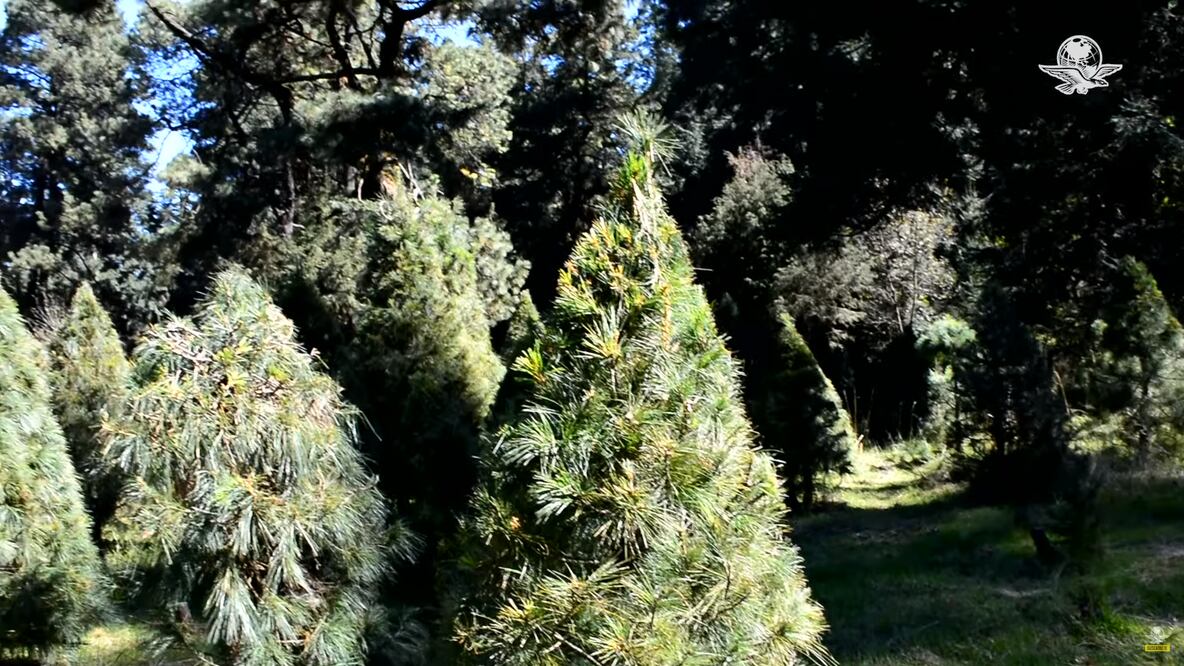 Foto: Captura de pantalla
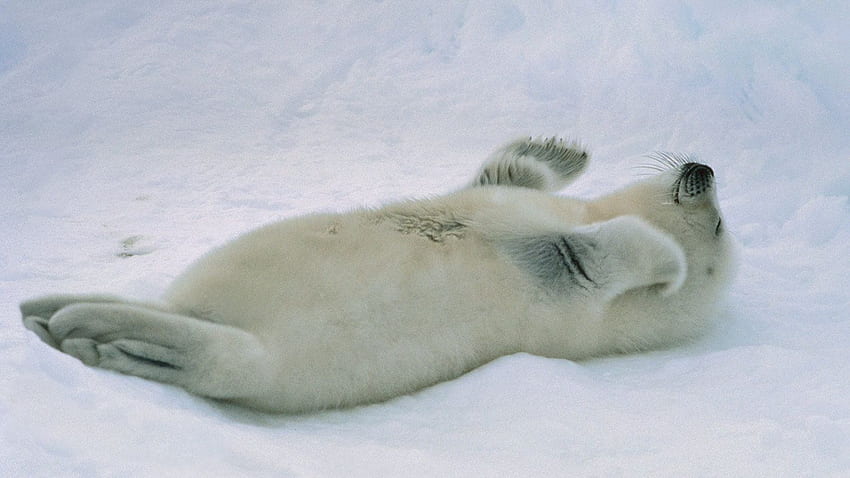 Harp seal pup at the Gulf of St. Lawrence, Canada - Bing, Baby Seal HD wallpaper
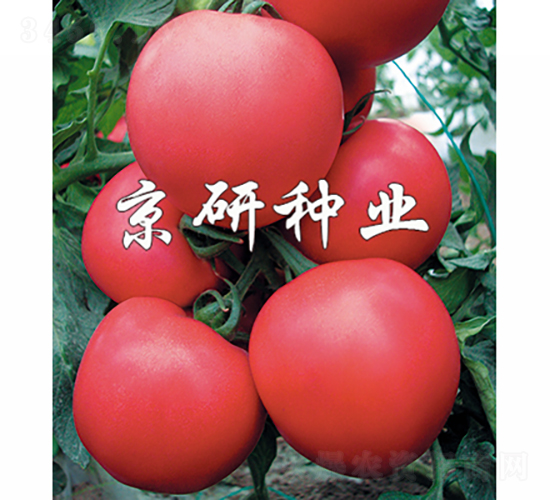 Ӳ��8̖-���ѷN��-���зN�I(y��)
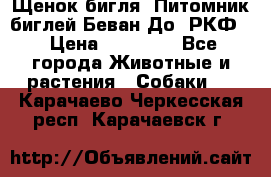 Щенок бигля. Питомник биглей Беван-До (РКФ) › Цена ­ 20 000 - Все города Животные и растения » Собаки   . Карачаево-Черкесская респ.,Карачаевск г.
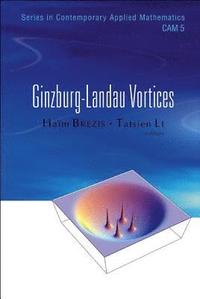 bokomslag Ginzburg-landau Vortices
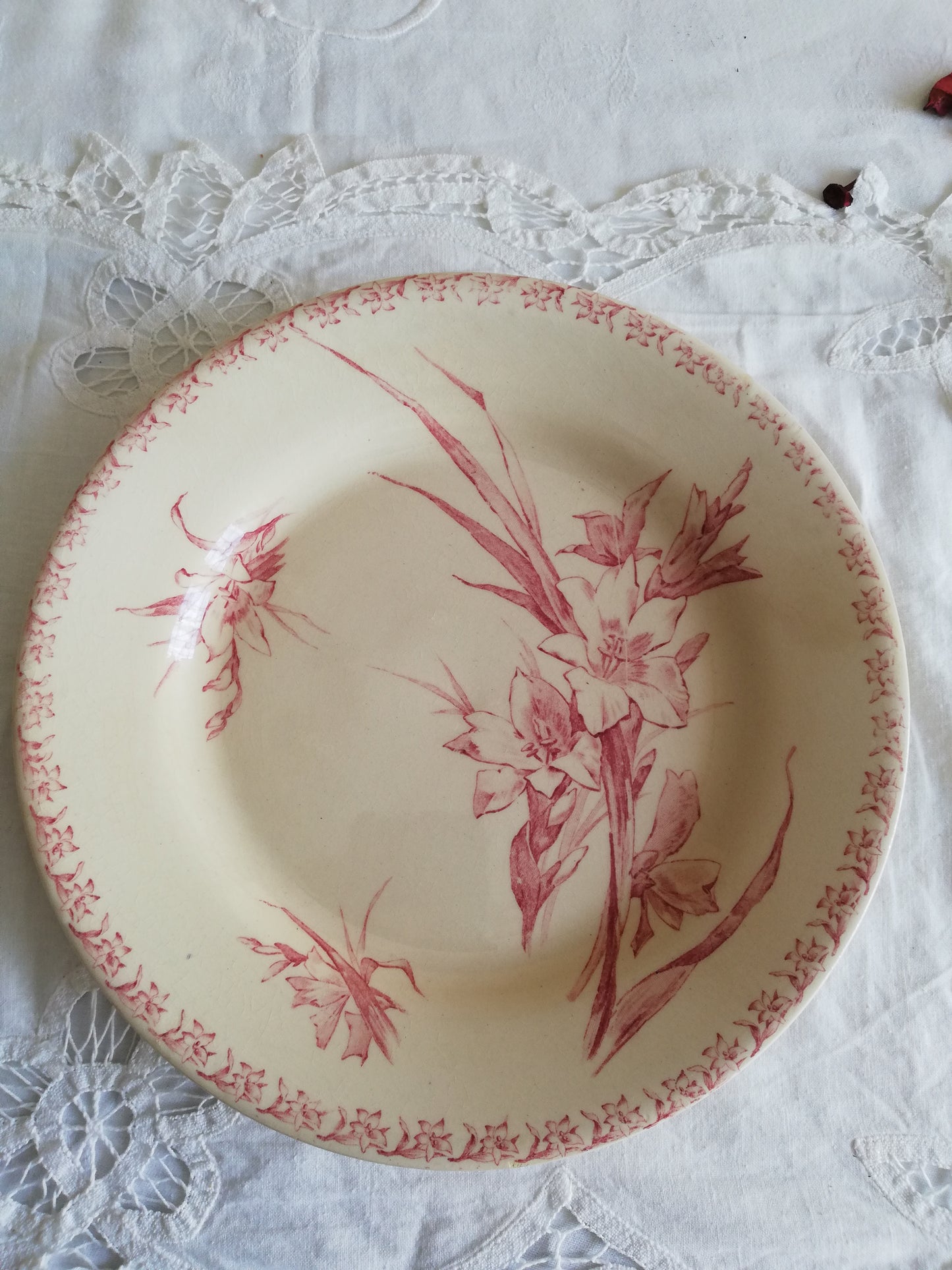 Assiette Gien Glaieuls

# # #

◆ **WHAT IS BEING ASKED**:
An exact copy of the entries above is needed, with the pictures removed.

◆ **EXPECTED ANSWER**:
 Foto: Captura de pantalla
 Harp seal pup at the Gulf of St. Lawrence, Canada - Bing, Baby Seal HD wallpaper
 Ӳ��8̖-���ѷN��-���зN�I(y��)
 Щенок бигля. Питомник биглей Беван-До (РКФ) › Цена ­ 20 000 - Все города Животные и растения » Собаки   . Карачаево-Черкесская респ.,Карачаевск г.
 bokomslag Ginzburg-landau Vortices
 Assiette Gien Glaieuls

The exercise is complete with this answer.